SHILLONG: To press for the immediate inclusion of the Khasi language in the Eighth Schedule of the Indian Constitution, the Khasi Authors’ Society (KAS), in alliance with several prominent leaders and pressure groups, staged a protest in New Delhi, on Saturday.
Brandishing banners with messages such as “Respect the sentiment of the Khasis by including Khasi language in the Eighth Schedule to the Constitution of India”, the group of demonstrators include notable figures including Minister in-charge of Arts and Culture, Paul Lyngdoh, Law Minister Ampareen Lyngdoh, Animal Husbandry and Veterinary Minister AL Hek, and State Planning Board chairman Metbah Lyngdoh.
The KAS, under the leadership of President Dr DRL Nonglait, received substantial backing from various pressure groups, including the Khasi Students Union, Federation of Khasi Jaintia and Garo People, Hynniewtrep Youth Council, and several others.
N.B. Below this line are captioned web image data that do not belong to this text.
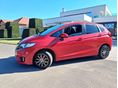 HONDA JAZZ 1.3 Elegance 2. Tulajos 8 éve! Újkorátol MAGYAR! VÉGIG Vez. Sz.könyves!! KÖLTSÉGMENTES!!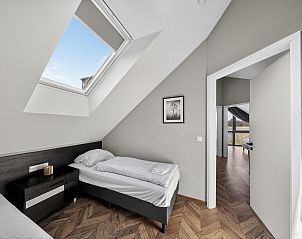 Verblijf 5507108 - Vakantiewoning Noordwest Overijssel - Vrijstaande woning in Kampen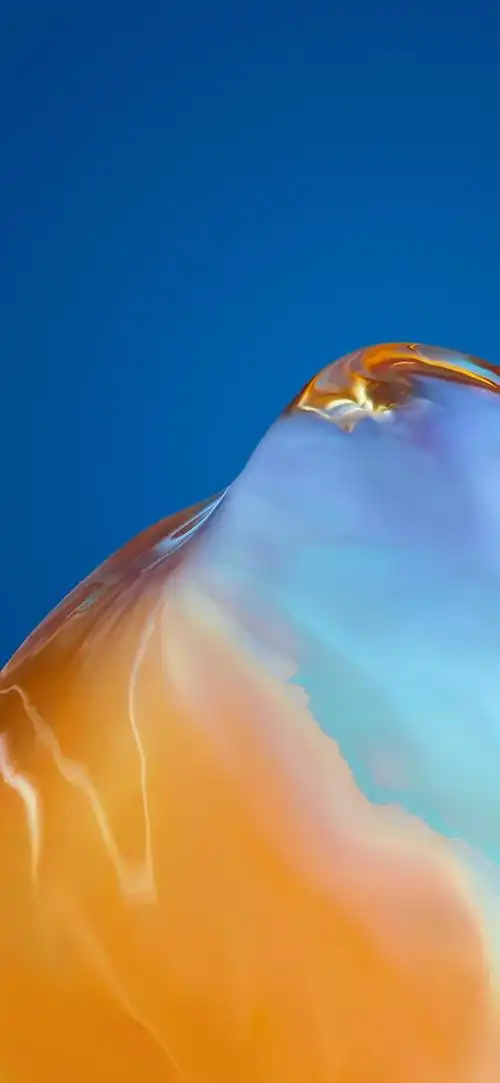 华为p40原生壁纸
Offering a historic perspective, Paul Lyngdoh emphasised the uniqueness of the Khasi language. “The language possesses its script and remains one of the few surviving Austro-Asiatic languages,” he told the press.
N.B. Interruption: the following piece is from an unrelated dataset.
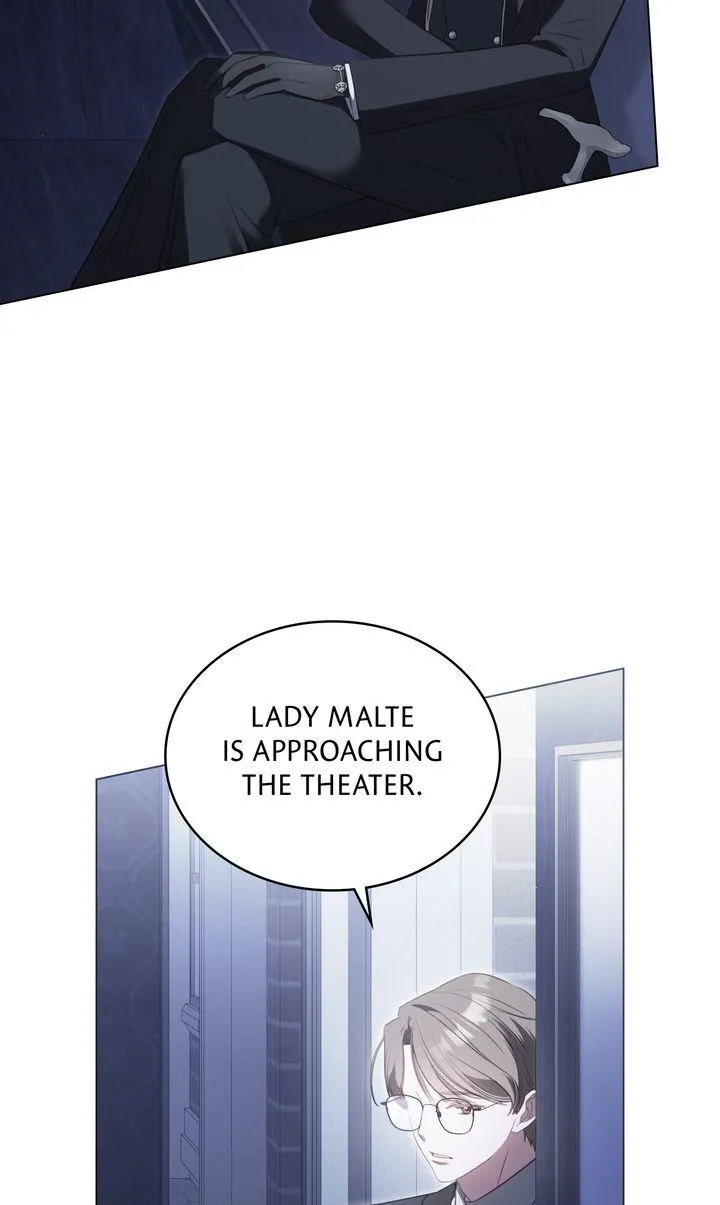 Odalisque Chapter 39 page 47 -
Furthermore, Ampareen Lyngdoh highlighted that the Meghalaya government had already recognised the Khasi language as its associate language back in 2005. She went on to assert that the Meghalaya Legislative Assembly, in the fiscal year 2017-18, even passed a resolution seeking the Centre’s acknowledgment of the Khasi language.
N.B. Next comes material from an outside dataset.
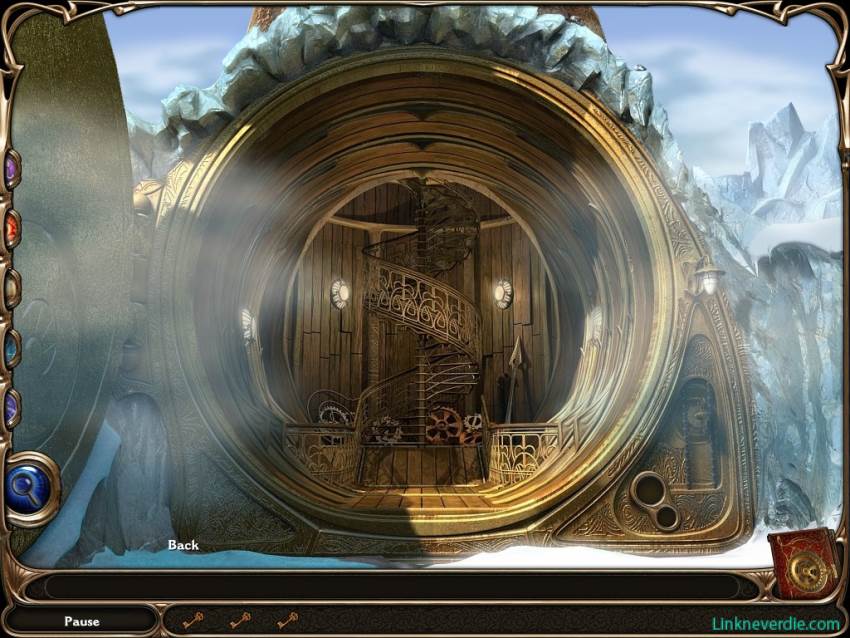 Hình ảnh trong game Dream Chronicles 4: The Book of Air (screenshot) Hình ảnh trong game Dream Chronicles 4: The Book of Air (screenshot)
Expressing concern over the Centre’s continuous queries and delays despite the state’s consistent provision of the necessary documents, she said, “Our language is at the threshold of being recognised, but without the necessary amendment to the Eighth Schedule, our rich language faces the risk of extinction.”
The protest, according to KAS leaders, is only the beginning of a broader national movement to achieve this demand. They pointed out the language’s cultural significance, its matrilineal roots, and its standing as an associate official language in Meghalaya. They argued that it is imperative to ensure its recognition at the national level, particularly when less developed tribal languages have already been included.
Meanwhile, in a bid to fortify the demand, the Khasi Students Union mounted banners across Shillong city, conveying a potent message to the Centre regarding the urgency of this inclusion.